O artigo 73, por coimas 1 bis, do texto único de drogas, modificado pela lei número 492006, como questão de feito, prevê a punição da possessão (e condutas parecidas) de “substâncias estupefacientes ou psicotrópicas que, devido à quantidade, às formas de apresentação ou de outras circunstâncias, não parecem destinadas a um uso exclusivamente pessoas“. Assim, a relevância penal do ato está relacionado com a aparição, e não com os feitos.
Este enfoque parte, em sentido estrito, de um pré-juizo completamente ideológico, centrado na ideologia do bem e mal, onde “o mal” consiste nas drogas e no seu uso.

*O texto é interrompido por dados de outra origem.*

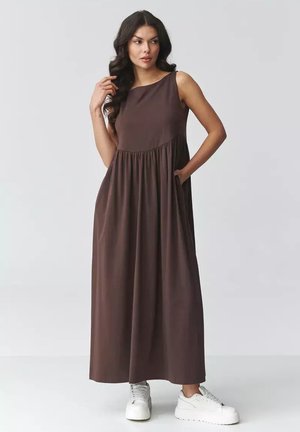 Kobieta o długich ciemnych włosach w brązowej, bezrękawnikowej sukience maxi i białych sneakersach na platformie, z jedną ręką w kieszeni, na jednolitym tle.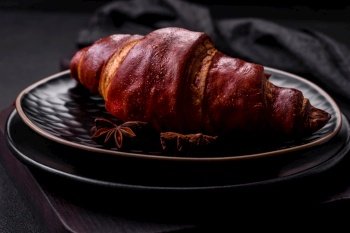Delicious crispy croissant with chocolate on a black ceramic plate on a dark concrete background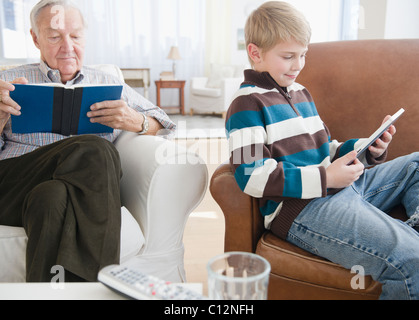 USA, New Jersey, Jersey City, grandfather reading book, grandson (8-9) reading e-book in living room Stock Photo
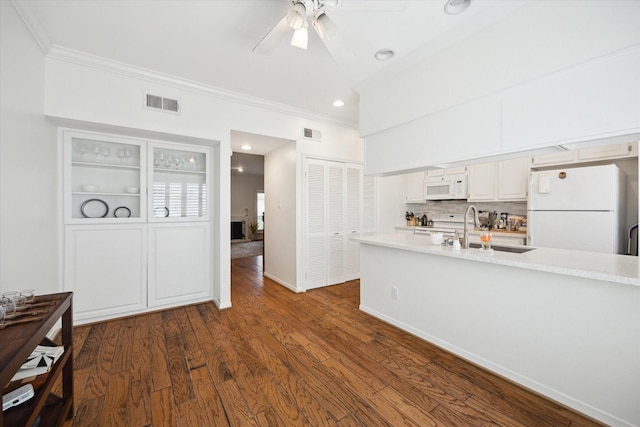 5940 Woodway Place Ct, Houston, TX 77057 - kitchen with white appliances, crown molding, light countertops, ceiling fan, and dark wood-style flooring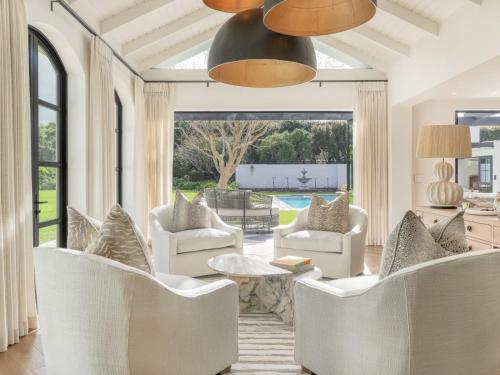 a living room with white chairs and a table at Russet Rise, Adults Only in Cape Town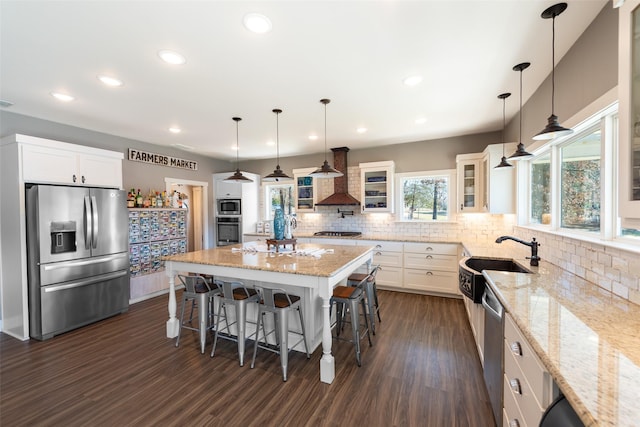 kitchen with appliances with stainless steel finishes, hanging light fixtures, white cabinets, a kitchen island, and a kitchen bar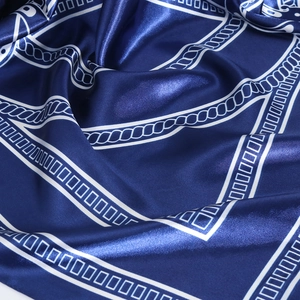 Close-up of smooth navy satin silk scarf featuring white nautical rope and geometric patterns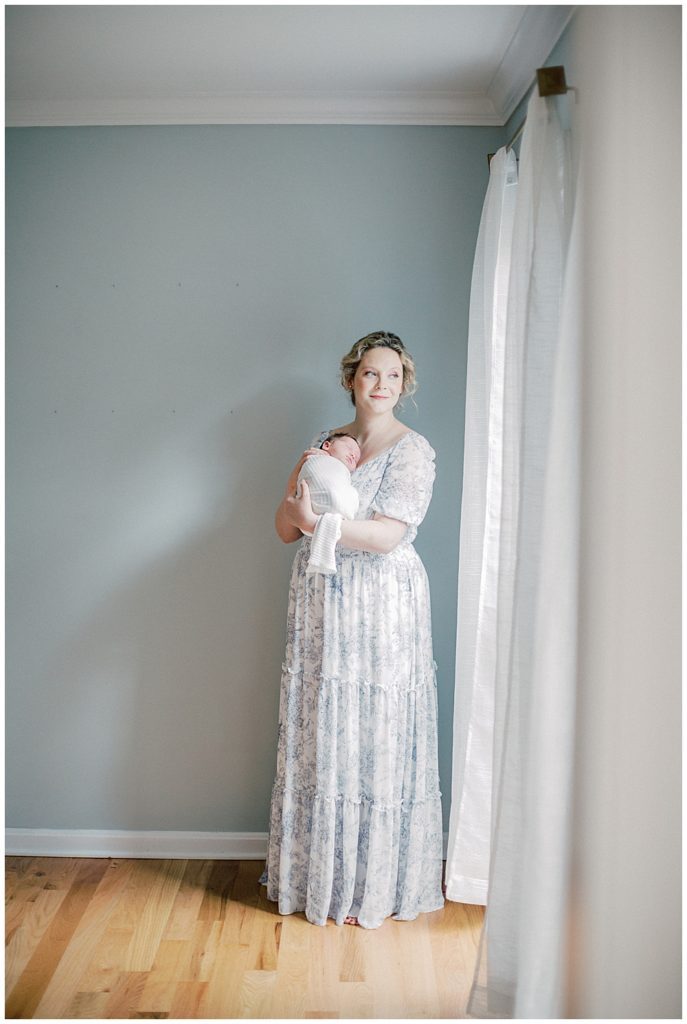 Mother Looks Out The Window With Soft Smile While Wearing A Blue Dress Holding Her Newborn During Fairfax Va Newborn Session.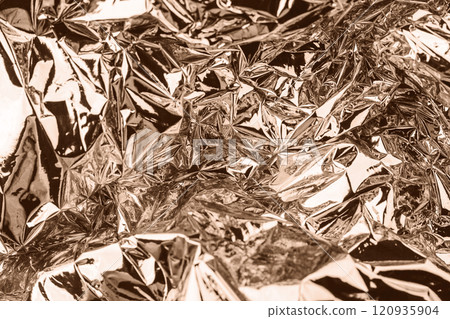 Reflective metallic foil with brown sepia tones in detailed close-up view Reflective metallic foil with brown sepia tones in detailed close-up view 120935904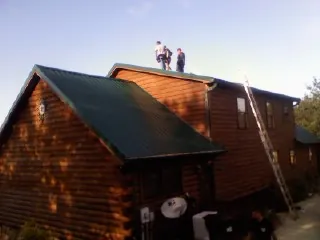 Crew on the ridge of a green metal roof on a two story log home in Pecatonica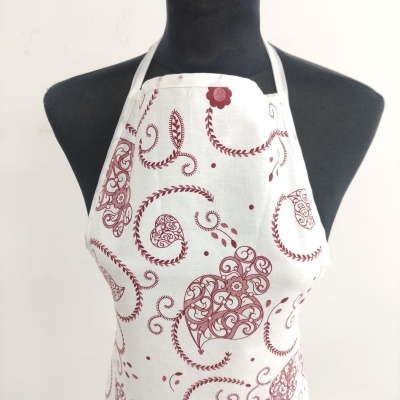 Avental branco com corações vermelhos e arabescos num manequim preto
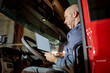 © Seventyfour - Professional truck driver using onboard technology in cab of red truck. Inside view of truck's cab with driver engaged in transportation-related task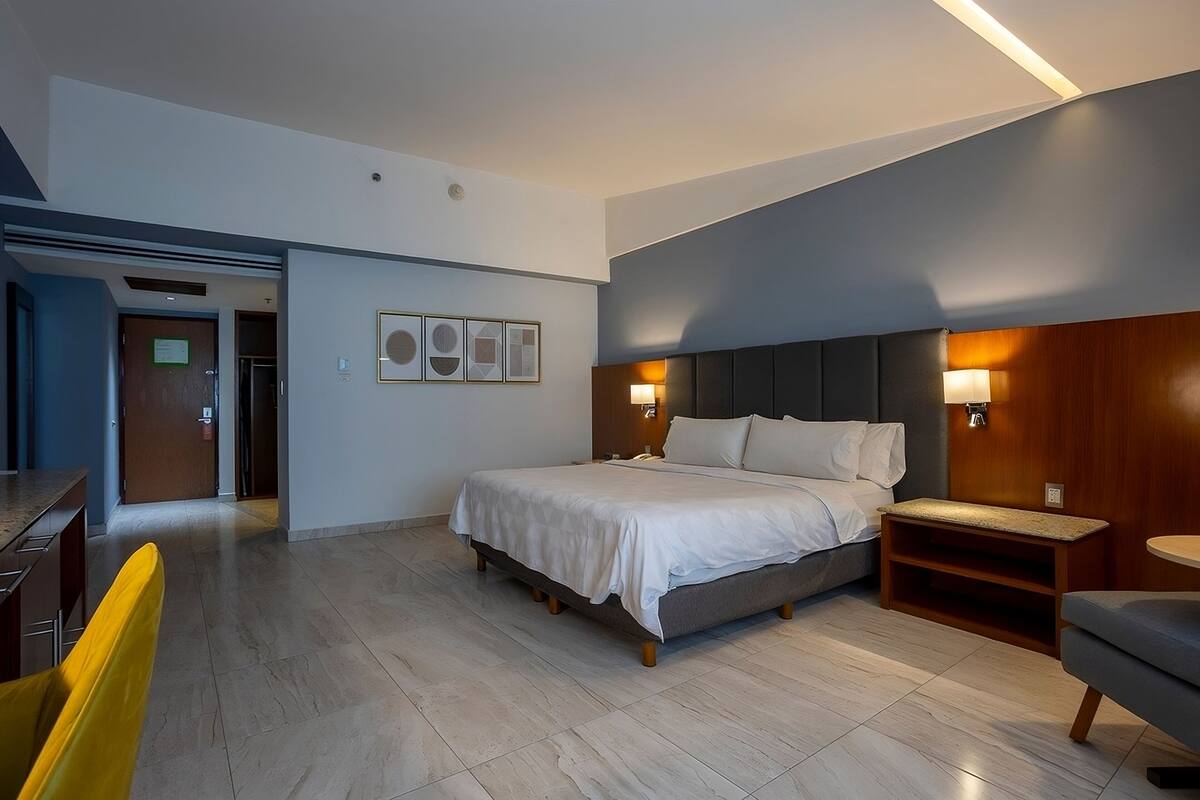 A modern hotel room with a large bed, bedside lamps, a wooden headboard, and a small wooden side table.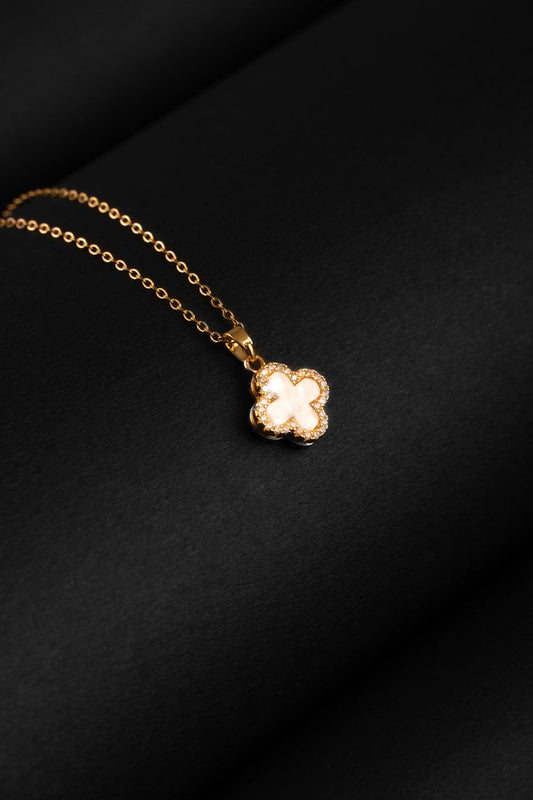 Gold necklace with a clover-shaped pendant on a black background
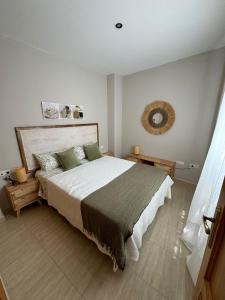 a bedroom with a large bed and a mirror at Apartamentos Modern Homes in Chiclana de la Frontera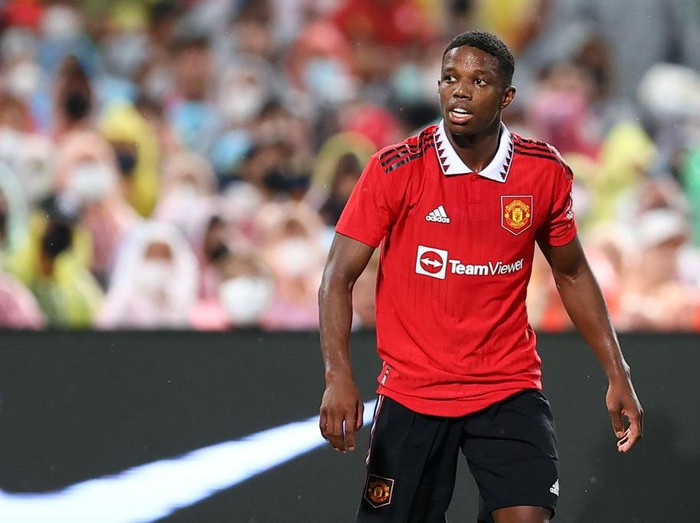 BANGKOK, THAILAND - JULY 12: Tyrell Malacia #12 of Manchester United looks on during the second half of a preseason friendly match against Liverpool at Rajamangala National Stadium on July 12, 2022 in Bangkok, Thailand. (Photo by Pakawich Damrongkiattisak/Getty Images)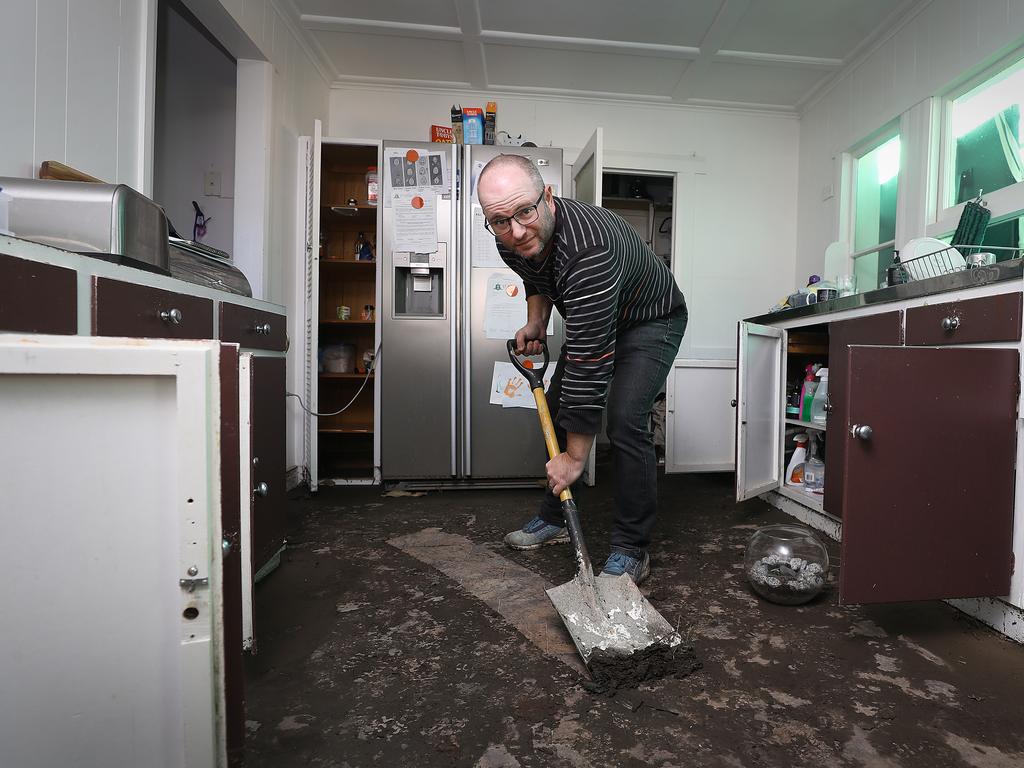 Benjamin Cullen, of Ewing Avenue in Kingston Beach, clearing putrid mud from his kitchen floor. Picture: SAM ROSEWARNE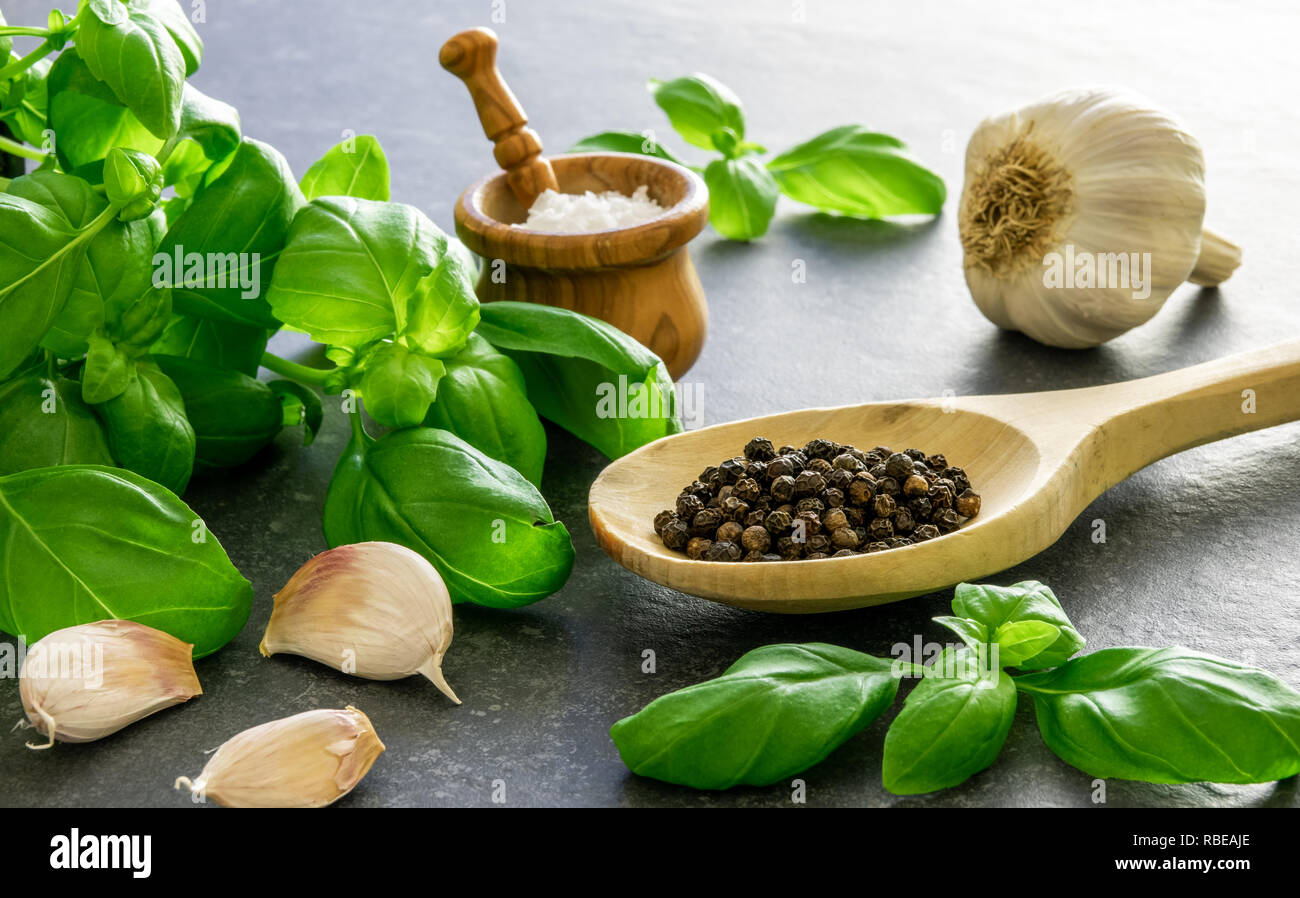 Italian food ingredients. Herbs and seasoning spices. Basil, garlic, salt and pepper on dark stone. Stock Photo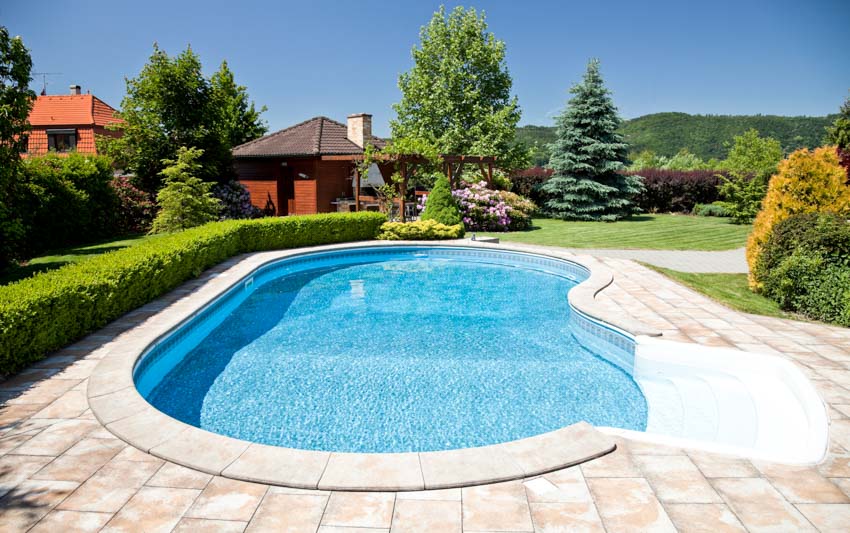 Outdoor area with swimming pool, trees, hedge plants, and limestone pool deck
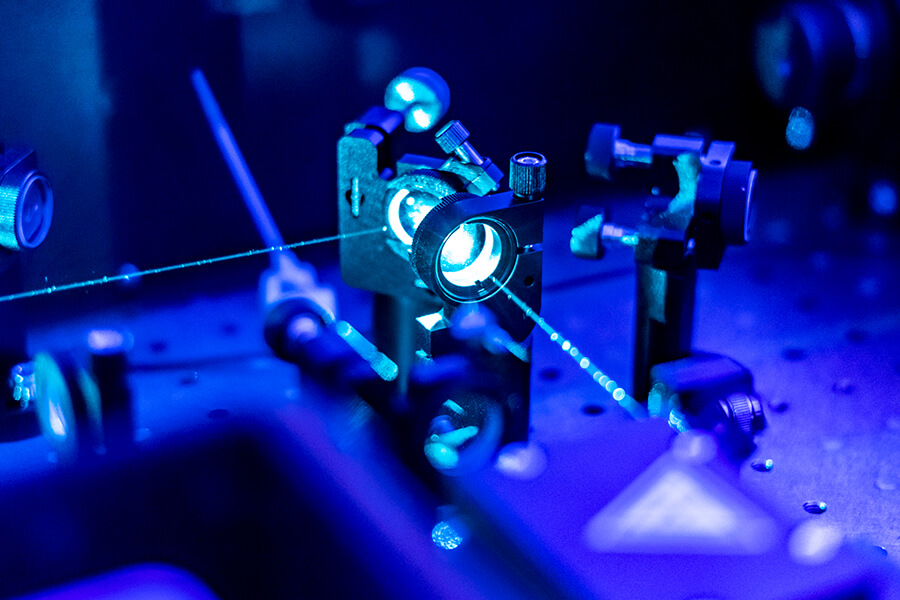 A bluish laboratory setup features fiber optic lasers focusing through lenses and optical components on a metal surface.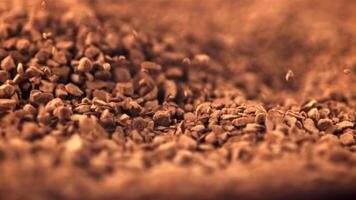 Super slow motion soluble coffee pours into a heap. Macro background.Filmed on a high-speed camera at 1000 fps. video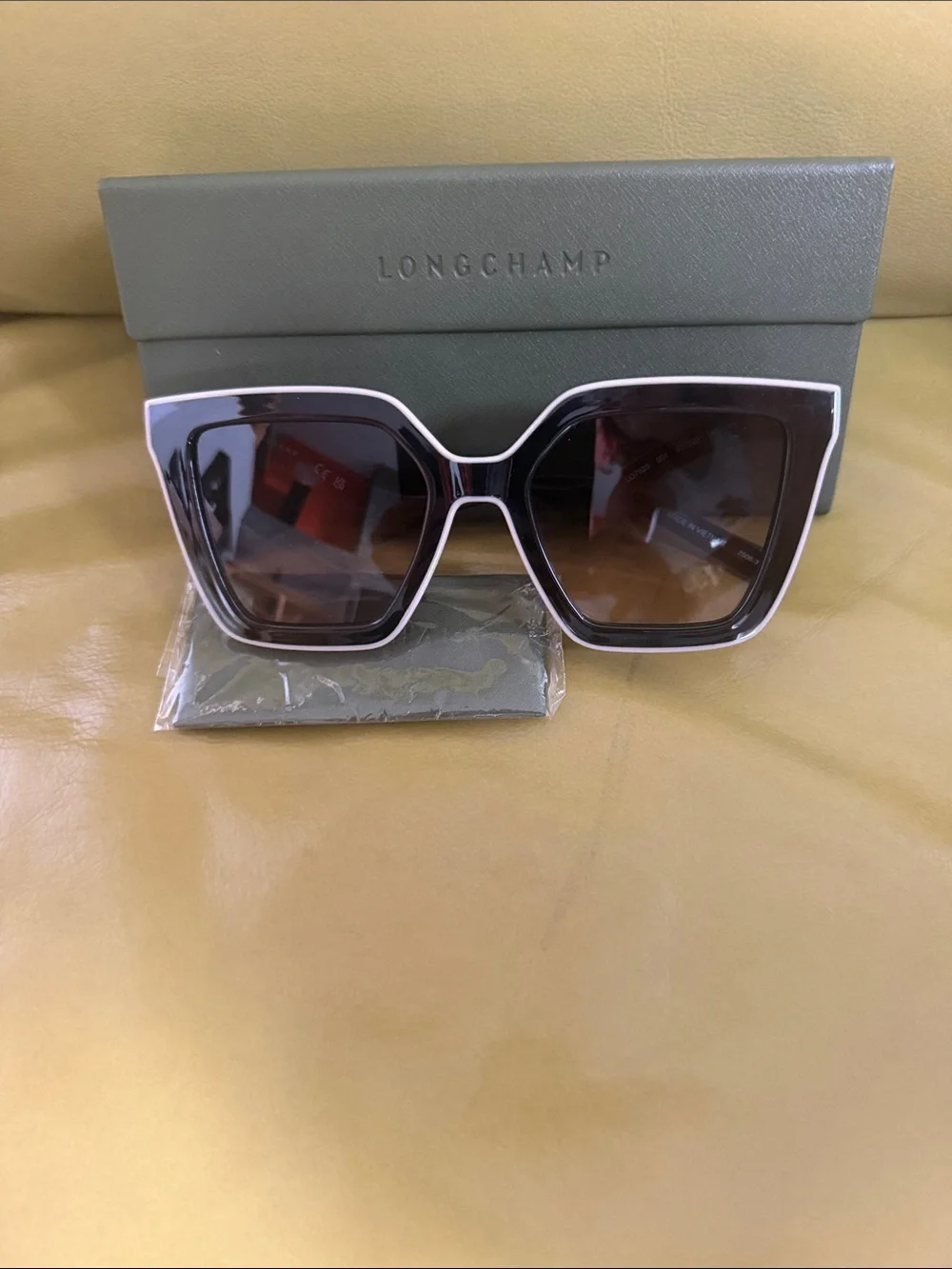 Longchamp New Style Black Frame Sunglasses with Brown Gradient Lenses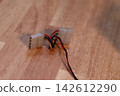 Electronic Connectors with Wires on Wooden Surface 142612290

Não faz falta dizer que dentro desta contra posição não há lugar nem para avaliação dos resultados para as pessoas anuladas na sua dignidade e reduzidas a actores de fundo numa cruzada, sem caras nem almas. O braço armado desta guerra ideológica é a repressão penal, baseada à sua vez por suposto, tão fatal como um tranquilizante, que proibir é um meio para prevenir e que a ameaça e a prática do castigo seja determinada por si mesmo, de uma maneira quase automática, a redução de comportamentos “desviados” (neste caso, o uso de substâncias)
Se renunciar-mos à ideologia e nos fiar-mos nos feitos, por outro lado, a investigação de métodos alternativos de intervenção não é uma opção mas sim uma necessidade. Esta necessidade tem o nome e a perspectiva da experimentação, quer dizer, dos métodos de enfoque que não têm intenção de salvar, mas são rasuáveis, submetidos a rigorosas verificações e controles, de acordo com o enfoque típico da investigação cientifica e da ação social. Isto significa, em términos concretos, no sector das drogas, a busca de políticas de “redução de dano”, que é uma política de contenção de riscos relacionados com o uso de substâncias psicoativas através intervenções de diversa índole (de troca de seringas ao consumo controlado, por mencionar os mais conhecidos)
Uma estratégia pragmática, não um derrotista, também se convertirá, com o passar dos próximos anos, numa verdadeira política social, que anula a opção cultural na qual se baseia a proibição (a busca de abstinência através do castigo e exclusão social) e propõe uma perspectiva capaz de determinar e favorecer, por um lado, as opções individuais responsáveis (incluindo claro a saída do uso de substâncias) e por outro lado, o crescimento da tolerância social com respeito ao uso de drogas. As repercussões imediatas da estratégia das drogas – é importante salientar – são as pessoas (em lugar das substâncias) e dando prioridade à sua dignidade e aos seus direitos, a principal atenção do governo será transferida da lei penal frente a políticas de saúde.
Por Livio Pepino
Livio Pepino foi Juiz na corte de Casación e membro da Corte Suprema de Juizes, o corpo diretivo dos Juízes Italianos, co director da revista Narmafie do grupo Abele, uma ONG Italiana, fiscal geral de Torino e autor de vários livros e artigos sobre a máfia, adição de drogas e estigmatização social.
NOTÍCIAS DO SECRETARIADO
No mês que vem a delegação da Encod vai participar da reunião anual da Comissão das Nações Unidas sobre estupefacientes e vamo-nos preparar para a UNGASS (ver abaixo).